%%

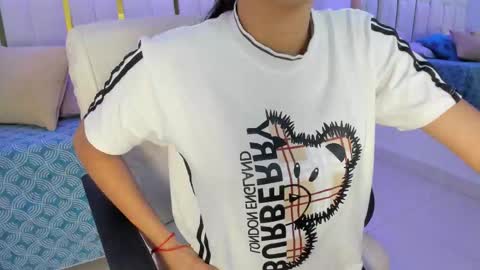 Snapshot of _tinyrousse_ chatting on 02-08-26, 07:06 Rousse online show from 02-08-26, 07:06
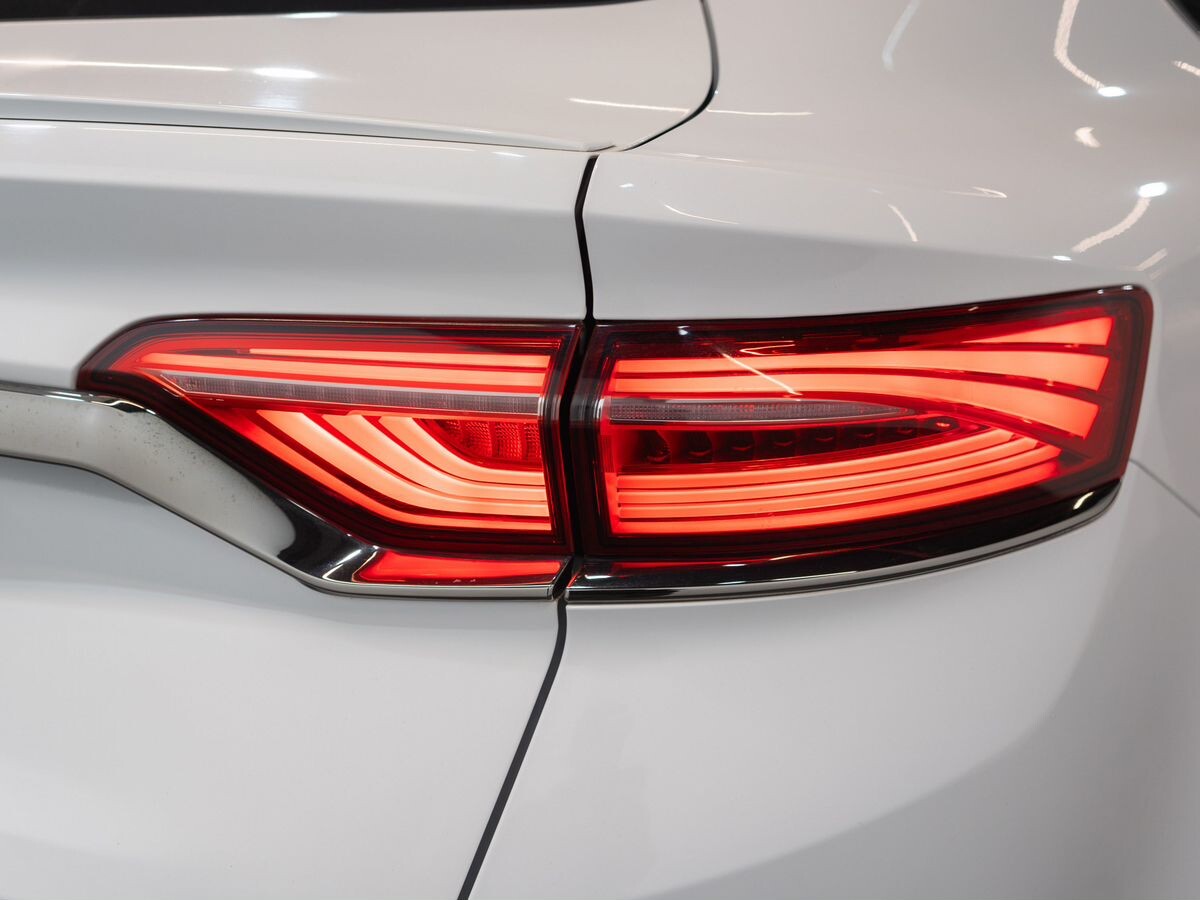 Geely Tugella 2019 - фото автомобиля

%%
%%

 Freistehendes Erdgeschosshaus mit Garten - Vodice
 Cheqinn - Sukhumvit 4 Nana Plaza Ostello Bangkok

%%

§ WHAT THE TASK ASKS:
Keep to the stretch from the line containing "Snapshot of _tinyrousse_" through the line containing "Geely Tugella 2019 - фото автомобиля", both ends included, and copy it exactly from the listing above, minus the pictures.

§ RESULT FOR THIS TASK:
 Snapshot of _tinyrousse_ chatting on 02-08-26, 07:06 Rousse online show from 02-08-26, 07:06
 Geely Tugella 2019 - фото автомобиля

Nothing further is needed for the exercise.